In this way, I found that the dark visual aesthetics of NXT TakeOver: WarGames again distanced me from the special world of wrestling, and maybe even the audience. I was once more there to consume it, not be a part of it. I was necessarily back on the outside looking in. Again, the construction and aesthetic of the narrative did not lead me to perceive myself as bodily co-present with the performers. It led me to perceive myself as apart from them. Even with the on screen paratextual prompts to engage with discussion about my consumption with other members of the WWE Universe (obviously unavailable to WCW in the late eighties), I was encouraged to discuss and share my experience, not participate.

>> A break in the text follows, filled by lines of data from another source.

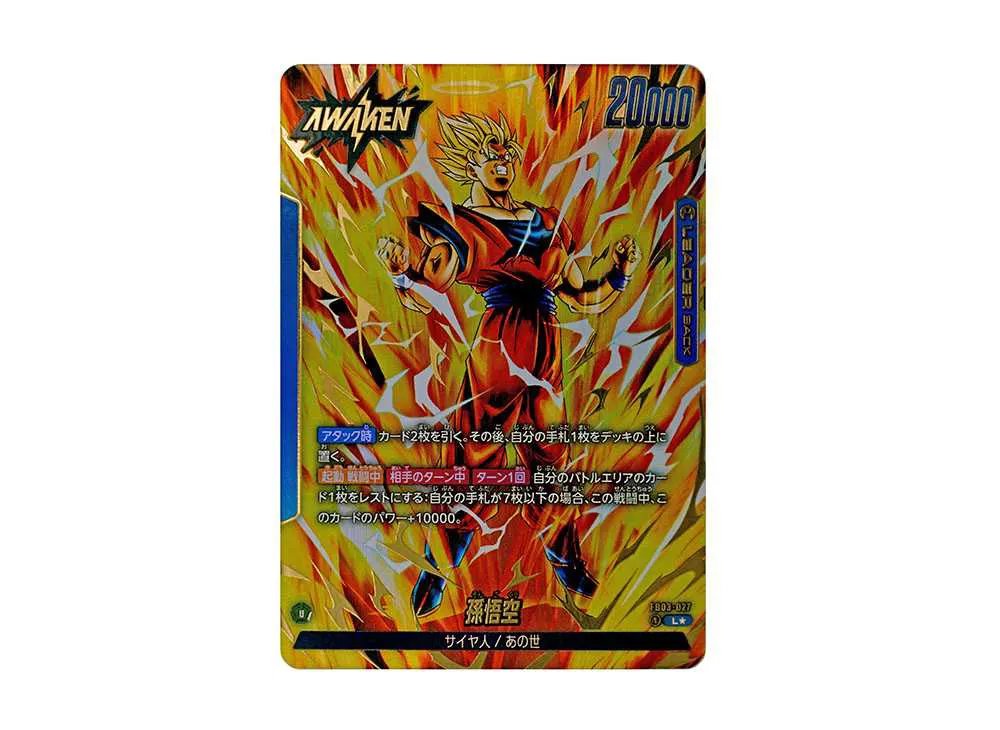 フュージョンワールド 孫悟空 SR SB02-023パラレル 孫悟空 SR パラレル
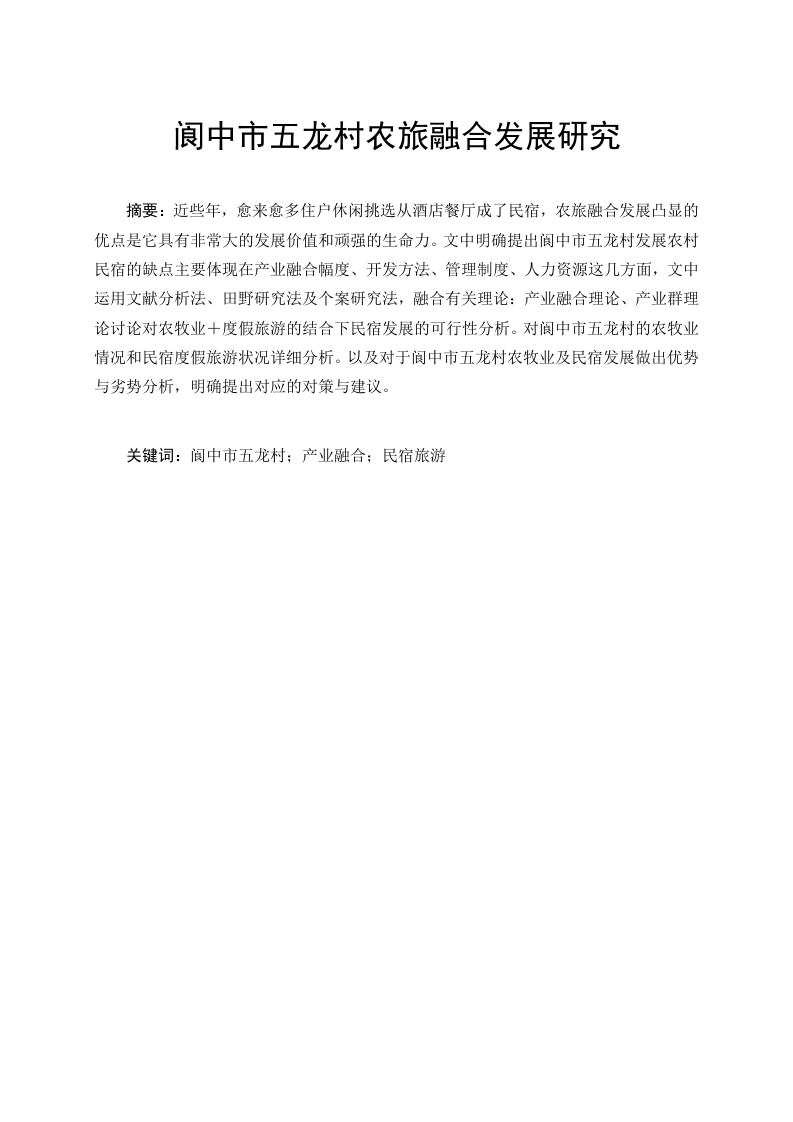 阆中市五龙村农旅融合发展研究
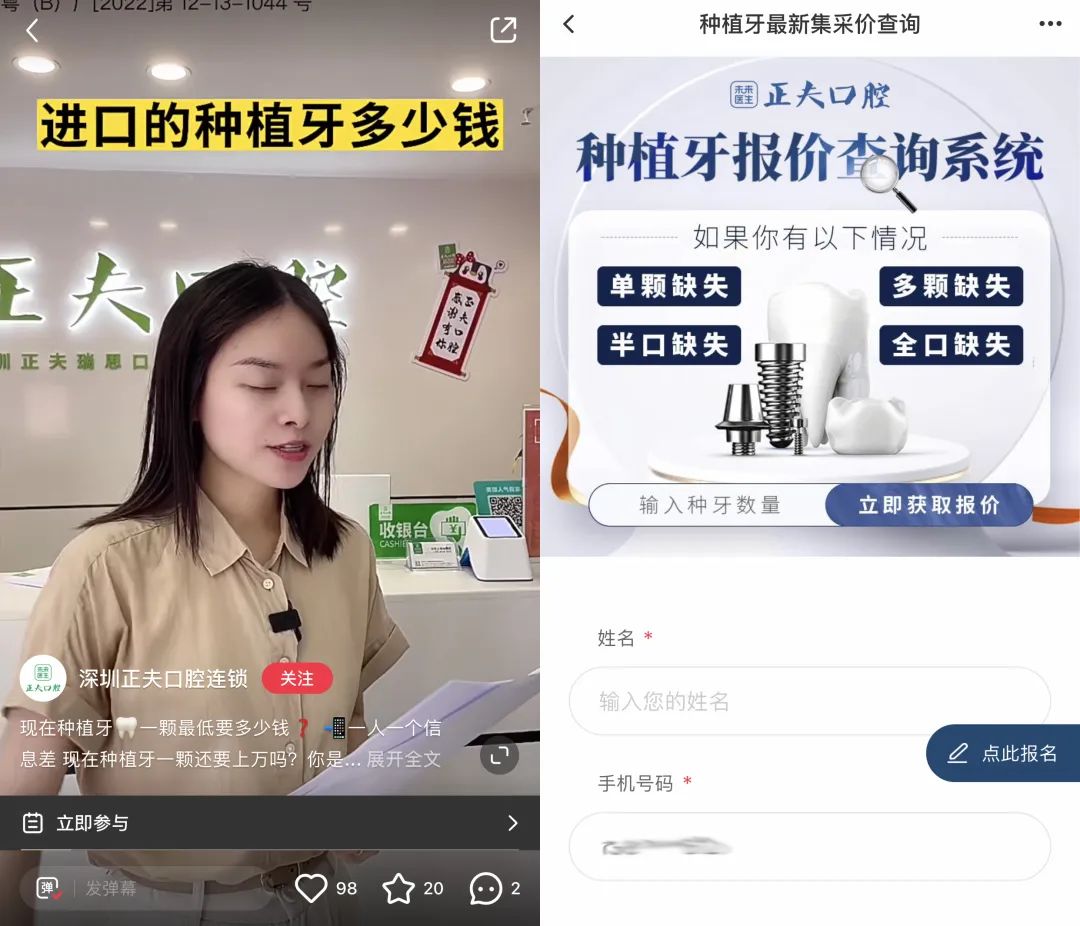 一文讲透!小红书营销组件及评论区组件闭环收割玩法!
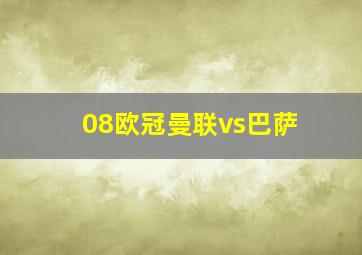 08欧冠曼联vs巴萨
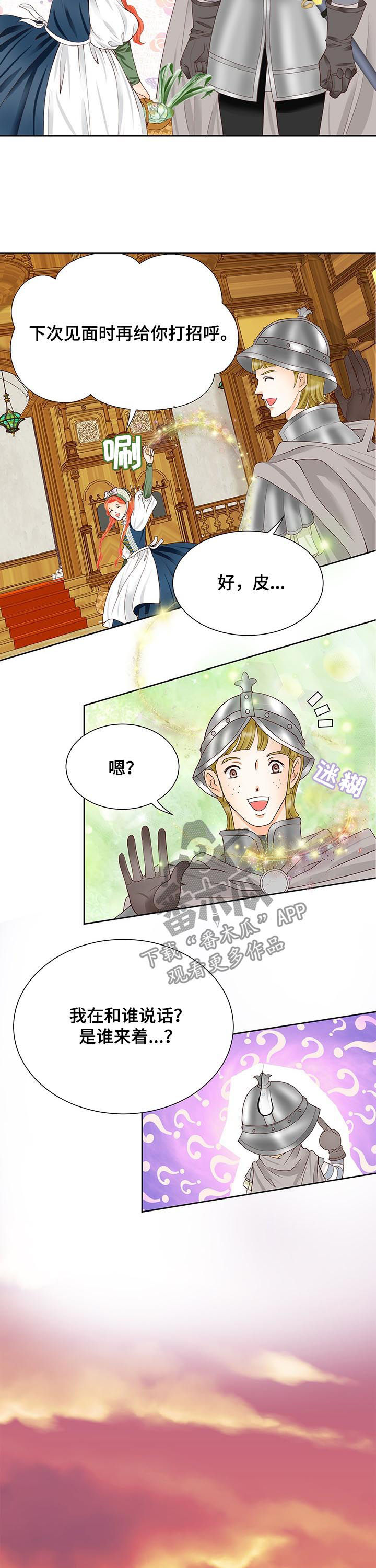 第100章：身份信息4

Much like the 1989 Great American Bash, only in the WarGames match itself did this aesthetic of exclusion give way and allow the viewer to transcend the binary limitations of the audience to become bodily co-present in the wrestling world. Once more, I was invited in to the wrestling world to stand shoulder to shoulder with the denizens of NXT. Once more, the live audience remained bound to their spatial plain beyond the world of wrestling; but for me, as a viewer, I was back in that cage with the wrestlers. I was bodily co-present again. I was right there in the ring when Roderick Strong superplexed Adam Cole into the assembled masses of humanity, and dare I say it again, it all just felt a little more raw than Raw.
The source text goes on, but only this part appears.